If you’ve ever known a firefighter, you know that they’re as close to a brotherhood as you can get. Besides the obvious (that they have to learn to not only watch one another’s back in a fire rescue) they also learn to work together seamlessly so that in a rescue no one gets left behind. They’re a well-oiled unit, operating entirely for the service and wellbeing of those who surround them. When they enter a burning building, their thoughts are more selfless than the selfish, risking their own life so that others can be safe, while also assuming a position that will help get their team out of the engulfing flames in now time at all.
Growing up down the street from a fire station, I knew my fair share of fighters. Not only did I have the distinct pleasure of growing up next door to two very kind and courageous men (more on the one here), but I’ve also been blessed to get to know my best friend’s husband, who—you guessed it—happens to be a volunteer firefighter. These men (and women) are kind individuals, who, living in southern California often times need a break, but won’t say anything because they’ve got a job to do.
As southern California gets further and further into its hot season (which is a joke in and of itself), I can’t help but remember this time last year. It was the calm before the storm, so to speak, as hot and dry April days lead to an even hotter and dryer month of May, until finally hell broke loose in the form of eight distinct full range fires in southern California. Unfortunately for us, this is all too familiar a scenario for our desert cities, and even with our firefighters prepared and willing to fight the flames, we were all but engulfed for nearly a month. With fire season quickly approaching, and April remaining just as dry as ever, I wanted to offer a few tips and tricks for keeping our mountain ranges and city fire free, so that our hardworking firefighters can earn a well deserved break.
- Clean Up Your Space: Living in a home is a blessing and a curse for those of us in southern California. On the one hand, our home is meant to defend and protect us in times of strife, on the other hand, when not managed well, a home can be a piece of tinder waiting to combust.
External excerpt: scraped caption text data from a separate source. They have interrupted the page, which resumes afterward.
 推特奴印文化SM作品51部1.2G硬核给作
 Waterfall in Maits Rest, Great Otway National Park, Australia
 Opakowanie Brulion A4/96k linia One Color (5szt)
If you haven’t taken a good look at your home in awhile, perhaps now is the time. How do your gutters look? Are they filled with dried leaves and brittle wood pieces? If so, then do yourself a favor and CLEAN THEM OUT. Often times, living in state suffering from a drought, we forget to worry about our gutters, but if your gutters are harvesting flame friendly foods then it’s time to get down and dirty and clean them out. Likewise, take a look at that pile of wood and torn up brambles in your backyard—you might as well be hand feeding the flames to your doorstep! Though it’s a hassle and often times exhausting, get rid of these piles immediately to help protect your home from fire damage. Additionally, keep your trees pruned and their branches high and away from your home, this will make it less likely that your branches will fall off and onto the house, lighting your house on fire in turn.
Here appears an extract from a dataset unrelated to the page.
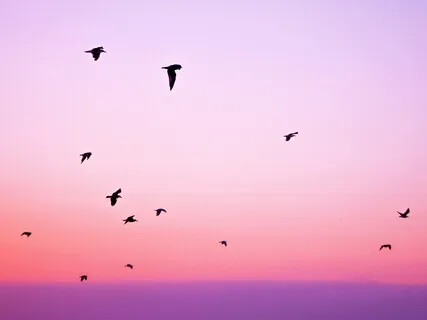 New Years Reflections - Hopeful Ambient Soundscape 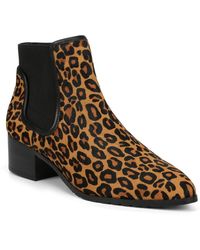 david pliner sale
- Go Non-Flammable: Depending on where you live, you may find it prudent to get your home into top firefighting gear by going non-flammable wherever possible. After you’ve cleaned out your yard and gutters from any flame attracting areas, take a look at the actual structure of your home. Cover any exterior walls with flame retardant choices like stucco, brick, or stone. Likewise, cover any open eaves or undersides of decks with fire resistant materials, often available at your local home depot. If you’re able to swing it, invest in double paned windows, as these will add an extra layer of protection should flames come up to the sides of your home. Investing in non-flammable materials can be costly, but consider the alternative cost if your home should become faced with flames that threaten not only your personal belongings, but livelihood, and memories as well.
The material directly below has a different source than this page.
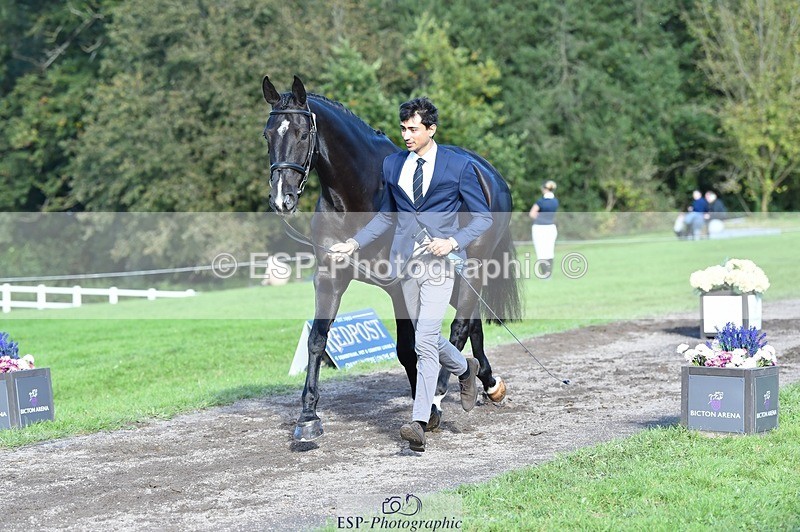 231022-111808-23875 - 560-TIMEPEICE.BLUE-Giorgio.Nardilli-TrotUp+SJ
- Always Be Prepared: Being prepared is not always as easy as it sounds, and while we may have learned to stop, drop, and roll in kindergarten, it won’t always save you should your home become engulfed in flames. Create an emergency kit that has changes of clothes, toothbrushes, water, extra house keys, a flashlight, portable radio and food along with a first aid kit (for a full list visit here). Store any valuables in large Tupperware containers that can be grabbed at a moment’s notice and hauled into your car. Ensure that your address is visible to your neighbors in case something should go wrong, leaving them capable of calling for firefighters with an accurate address. Finally, always designate an emergency place for you and your family in case in the frenzy you get separated and lost.
Fire season is coming folks, whether you’re prepared for it or not. There’s no point in hiding from the truth any longer, that pile of dried brambles in your backyard is not just unsightly to look at it, it’s a downright fire hazard for you and your family. So let’s clean up where we can and fix those parts of our home that might welcome a fire with open arms. Our firefighters are tired, so let’s give them the break they deserve.